Assignment: Drop the pictures and repeat the remaining data exactly.

[Caption-style text data]
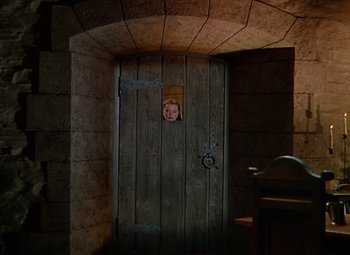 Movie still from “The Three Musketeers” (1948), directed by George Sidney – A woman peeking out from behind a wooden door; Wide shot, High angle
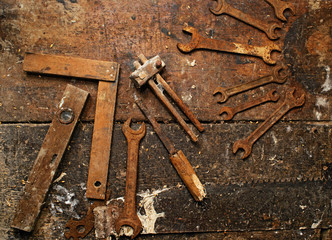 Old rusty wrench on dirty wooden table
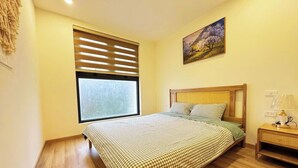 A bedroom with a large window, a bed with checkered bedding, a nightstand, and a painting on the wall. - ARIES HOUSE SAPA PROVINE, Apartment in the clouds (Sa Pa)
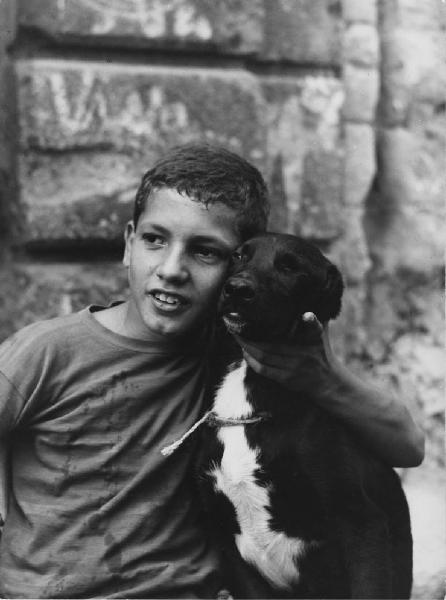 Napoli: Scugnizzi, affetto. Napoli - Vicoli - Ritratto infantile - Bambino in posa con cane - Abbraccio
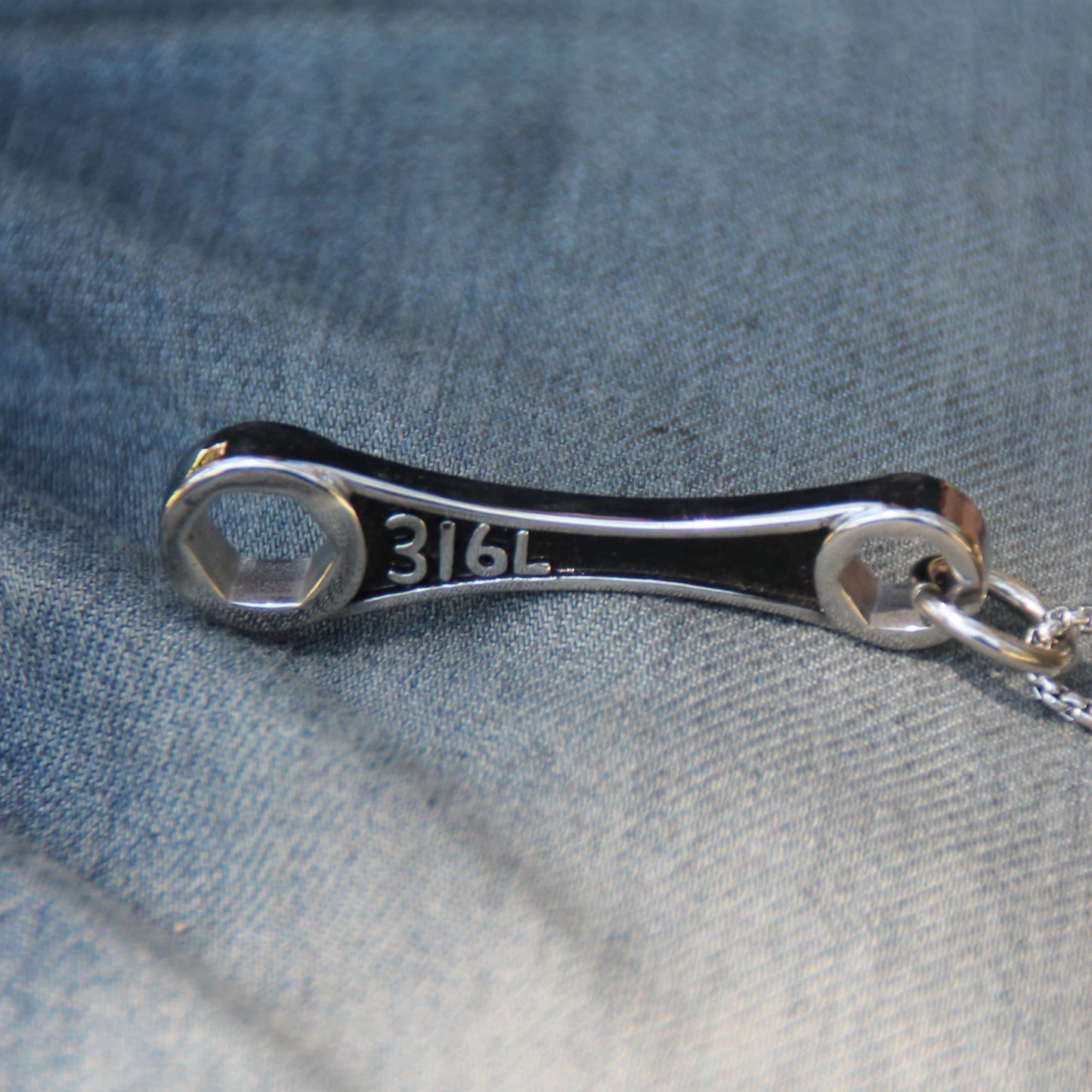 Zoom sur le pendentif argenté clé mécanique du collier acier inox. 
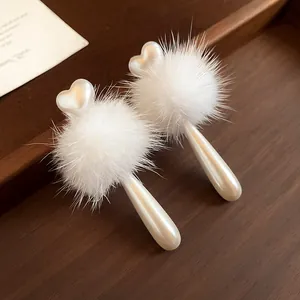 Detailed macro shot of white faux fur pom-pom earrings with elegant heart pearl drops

Reply:
 Movie still from “The Three Musketeers” (1948), directed by George Sidney – A woman peeking out from behind a wooden door; Wide shot, High angle
 Old rusty wrench on dirty wooden table
 A bedroom with a large window, a bed with checkered bedding, a nightstand, and a painting on the wall. - ARIES HOUSE SAPA PROVINE, Apartment in the clouds (Sa Pa)
 Napoli: Scugnizzi, affetto. Napoli - Vicoli - Ritratto infantile - Bambino in posa con cane - Abbraccio
 Zoom sur le pendentif argenté clé mécanique du collier acier inox. 
 Detailed macro shot of white faux fur pom-pom earrings with elegant heart pearl drops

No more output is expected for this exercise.